(Photo courtesy of NetPS Plant Finder)
Height: 40 feet
Spread: 30 feet
Hardiness Zone: 3
Other Names: David Elm
A medium sized tree with an artistic, spreading habit of growth and pendant branches, beautiful when mature; hardy and adaptable, notably smaller than American elm, makes a great lawn tree for home landscapes; resistant to Dutch elm disease
Japanese Elm has dark green foliage throughout the season. The serrated pointy leaves turn an outstanding yellow in the fall. Neither the flowers nor the fruit are ornamentally significant.
Japanese Elm is a deciduous tree with an upright spreading habit of growth. Its relatively fine texture sets it apart from other landscape plants with less refined foliage.

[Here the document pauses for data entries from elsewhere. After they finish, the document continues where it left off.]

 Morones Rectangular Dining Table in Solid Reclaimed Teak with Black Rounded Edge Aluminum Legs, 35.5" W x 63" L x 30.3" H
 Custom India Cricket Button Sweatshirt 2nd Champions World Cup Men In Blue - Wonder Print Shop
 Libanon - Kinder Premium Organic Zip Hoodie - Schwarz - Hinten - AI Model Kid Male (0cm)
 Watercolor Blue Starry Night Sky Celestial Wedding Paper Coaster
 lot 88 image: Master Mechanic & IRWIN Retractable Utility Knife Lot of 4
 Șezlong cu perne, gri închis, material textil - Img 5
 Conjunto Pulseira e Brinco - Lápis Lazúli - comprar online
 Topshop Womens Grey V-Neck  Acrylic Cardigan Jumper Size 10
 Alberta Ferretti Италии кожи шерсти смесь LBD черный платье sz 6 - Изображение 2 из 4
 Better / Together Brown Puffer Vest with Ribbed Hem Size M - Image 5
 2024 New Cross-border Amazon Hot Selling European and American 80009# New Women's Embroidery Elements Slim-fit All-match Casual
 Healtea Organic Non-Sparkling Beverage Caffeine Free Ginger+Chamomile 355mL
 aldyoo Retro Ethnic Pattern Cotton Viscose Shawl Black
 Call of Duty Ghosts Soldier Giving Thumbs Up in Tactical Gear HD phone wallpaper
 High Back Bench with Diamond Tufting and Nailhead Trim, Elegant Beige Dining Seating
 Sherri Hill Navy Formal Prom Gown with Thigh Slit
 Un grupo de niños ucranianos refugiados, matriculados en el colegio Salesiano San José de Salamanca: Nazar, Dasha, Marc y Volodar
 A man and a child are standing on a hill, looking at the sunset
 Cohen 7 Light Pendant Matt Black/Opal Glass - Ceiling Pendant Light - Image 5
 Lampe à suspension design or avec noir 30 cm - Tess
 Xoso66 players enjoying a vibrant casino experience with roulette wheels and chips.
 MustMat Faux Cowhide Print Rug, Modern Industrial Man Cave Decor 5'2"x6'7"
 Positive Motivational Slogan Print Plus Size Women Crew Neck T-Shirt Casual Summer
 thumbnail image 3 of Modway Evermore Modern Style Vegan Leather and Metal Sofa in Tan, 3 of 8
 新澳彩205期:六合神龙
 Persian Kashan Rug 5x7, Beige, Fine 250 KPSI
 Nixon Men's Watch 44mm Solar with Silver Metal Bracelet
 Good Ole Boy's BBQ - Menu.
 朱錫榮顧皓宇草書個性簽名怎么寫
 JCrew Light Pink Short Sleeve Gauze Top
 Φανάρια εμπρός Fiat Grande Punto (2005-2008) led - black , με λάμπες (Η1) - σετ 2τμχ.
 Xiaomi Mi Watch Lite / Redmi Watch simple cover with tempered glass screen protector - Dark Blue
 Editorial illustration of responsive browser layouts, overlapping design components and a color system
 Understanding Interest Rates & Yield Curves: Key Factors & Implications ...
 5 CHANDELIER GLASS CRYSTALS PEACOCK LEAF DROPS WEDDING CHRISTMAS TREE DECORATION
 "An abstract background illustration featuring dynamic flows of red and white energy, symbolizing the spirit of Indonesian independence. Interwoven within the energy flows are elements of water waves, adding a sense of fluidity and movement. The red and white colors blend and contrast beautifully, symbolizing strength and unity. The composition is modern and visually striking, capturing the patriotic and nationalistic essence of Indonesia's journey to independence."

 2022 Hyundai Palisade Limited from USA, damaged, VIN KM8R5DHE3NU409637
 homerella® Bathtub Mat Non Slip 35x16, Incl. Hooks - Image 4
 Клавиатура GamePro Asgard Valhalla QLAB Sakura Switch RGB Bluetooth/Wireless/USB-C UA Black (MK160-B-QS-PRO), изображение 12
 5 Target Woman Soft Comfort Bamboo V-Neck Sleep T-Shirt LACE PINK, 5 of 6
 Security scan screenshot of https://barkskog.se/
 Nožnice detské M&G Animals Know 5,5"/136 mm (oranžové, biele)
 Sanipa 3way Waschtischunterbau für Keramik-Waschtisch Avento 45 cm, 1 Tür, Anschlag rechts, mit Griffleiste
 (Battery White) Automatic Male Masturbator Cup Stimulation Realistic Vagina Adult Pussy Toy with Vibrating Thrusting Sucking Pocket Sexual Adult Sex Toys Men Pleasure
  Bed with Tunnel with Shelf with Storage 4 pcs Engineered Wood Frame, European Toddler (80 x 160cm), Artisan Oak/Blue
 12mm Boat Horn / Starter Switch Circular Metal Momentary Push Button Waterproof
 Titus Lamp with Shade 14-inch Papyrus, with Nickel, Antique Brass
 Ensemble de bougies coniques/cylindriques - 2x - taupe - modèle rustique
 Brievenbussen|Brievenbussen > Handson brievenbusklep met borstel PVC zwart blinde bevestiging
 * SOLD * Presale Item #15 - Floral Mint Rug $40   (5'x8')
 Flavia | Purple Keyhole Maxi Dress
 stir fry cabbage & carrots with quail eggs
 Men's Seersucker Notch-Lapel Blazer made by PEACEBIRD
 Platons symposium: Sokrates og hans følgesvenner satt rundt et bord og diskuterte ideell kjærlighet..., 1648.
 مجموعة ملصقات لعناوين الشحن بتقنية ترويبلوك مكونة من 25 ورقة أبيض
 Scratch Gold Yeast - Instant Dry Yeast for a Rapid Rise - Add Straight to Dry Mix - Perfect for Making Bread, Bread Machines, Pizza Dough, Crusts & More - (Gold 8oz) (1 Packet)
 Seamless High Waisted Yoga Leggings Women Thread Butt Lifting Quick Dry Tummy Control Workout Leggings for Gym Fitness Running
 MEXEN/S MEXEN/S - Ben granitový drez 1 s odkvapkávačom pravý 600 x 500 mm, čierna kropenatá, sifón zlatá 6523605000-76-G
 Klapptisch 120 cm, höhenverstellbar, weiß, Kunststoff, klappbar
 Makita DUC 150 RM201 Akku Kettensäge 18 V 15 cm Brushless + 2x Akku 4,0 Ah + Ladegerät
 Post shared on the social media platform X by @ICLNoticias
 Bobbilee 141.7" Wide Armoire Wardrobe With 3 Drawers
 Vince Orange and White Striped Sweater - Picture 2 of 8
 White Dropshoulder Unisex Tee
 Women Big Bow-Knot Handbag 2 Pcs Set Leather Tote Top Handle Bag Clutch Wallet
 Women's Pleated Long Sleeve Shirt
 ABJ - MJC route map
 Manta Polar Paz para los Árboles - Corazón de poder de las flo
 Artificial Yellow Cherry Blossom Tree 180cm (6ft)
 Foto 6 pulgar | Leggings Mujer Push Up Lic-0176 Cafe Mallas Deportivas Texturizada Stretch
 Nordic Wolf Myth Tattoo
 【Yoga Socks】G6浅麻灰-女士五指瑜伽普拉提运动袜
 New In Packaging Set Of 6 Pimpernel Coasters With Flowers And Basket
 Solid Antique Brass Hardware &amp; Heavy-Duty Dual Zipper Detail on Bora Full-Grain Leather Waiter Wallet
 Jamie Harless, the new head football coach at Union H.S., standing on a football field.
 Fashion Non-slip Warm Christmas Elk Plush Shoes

This is a relatively low maintenance tree, and is best pruned in late winter once the threat of extreme cold has passed. It has no significant negative characteristics.
Japanese Elm is recommended for the following landscape applications;
Planting & Growing
Japanese Elm will grow to be about 40 feet tall at maturity, with a spread of 30 feet. It has a high canopy with a typical clearance of 6 feet from the ground, and should not be planted underneath power lines. As it matures, the lower branches of this tree can be strategically removed to create a high enough canopy to support unobstructed human traffic underneath. It grows at a fast rate, and under ideal conditions can be expected to live for 70 years or more.
This tree should only be grown in full sunlight. It is very adaptable to both dry and moist locations, and should do just fine under average home landscape conditions. It is not particular as to soil type or pH, and is able to handle environmental salt. It is highly tolerant of urban pollution and will even thrive in inner city environments. This species is not originally from North America.